Table 1: Experimental results

The absence of loop in the syscall freed us from defining the corresponding invariants. We also took benefit from the existing results obtained by a previous verification of functional correctness of the kernel: (i) the resolution of indirect jumps, (ii) the identification of data structures invariants and (iii) the analysis of constant parts of the memory.

These results reduced the set of reachable code of the syscall to 80 instructions (which corresponds to reducing the BIL code from 10K lines to 1017 lines) and provided us the necessary handler precondition (consisting of 400 lines of statements).

## 7.2 Case Study 2: UART device driver

The UART (Universal asynchronous receiver/transmitter) is a hardware device for communication over a serial interface. The driver is implemented in C and resembles the functionality of the well known printf. We limit our verification to the low level interface of the driver. Example 2 provides the C code that sends to the UART a 32 bit integer in the form of an hexadecimal number. The function contains two loops: the outer loop computes the eight hexadecimal digits of the number, the nested loop polls on the device register tcr before writing the current digit to the UART.

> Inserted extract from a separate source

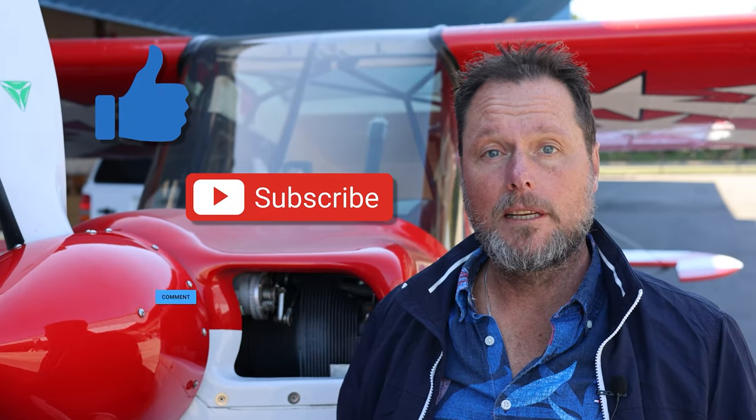Don't forget to like, subscribe, and leave a comment — it really helps us with our channel and we really appreciate it.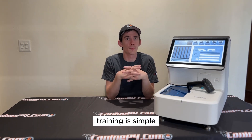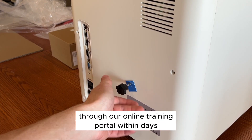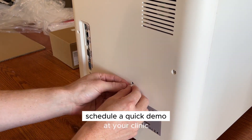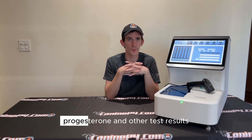Training is simple. You can buy this device and be ready to go through our online training portal within days. Get your team together, view the training videos, schedule a quick demo at your clinic, and be underway to running accurate progesterone and other test results.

The function binary code consists of 32 instructions, that are lifted to 305 BIL lines. Initially the parameter **n** is represented by the register R0 and the outer loop uses the register R4 and R5 to store the variable **n** and **i**, respectively. Since the UART delivers the written characters to the external world, we consider observable the UART registers (64 bytes starting from USARTO\_BASE) and the DMA buffer (32 bytes starting from buffer\_out). Moreover, since the input "must be sent" to the UART, we consider non secret the initial value of R0.

We first verified the nested loop. This fragment polls on the device register tcr, which is updated externally by the device driver. To emulate this external effect on the system memory, we inline the behavior of the device in the loop body. At each iteration a shadow variable tcrWait (which models an oracle knowing the number of iterations needed by the UART to receive a message) is decremented and tcr is resetted if the tcrWait value is zero. The given relational invariant tcrWait=tcrWait' states that the oracle provides the same answer in both executions. The tool automatically checks that the relational invariant is preserved and that the loop conditions are equivalent in both configurations. Notice that the nested loop does not produce observations, thus its verification is required only to guarantee termination sensitive noninterference.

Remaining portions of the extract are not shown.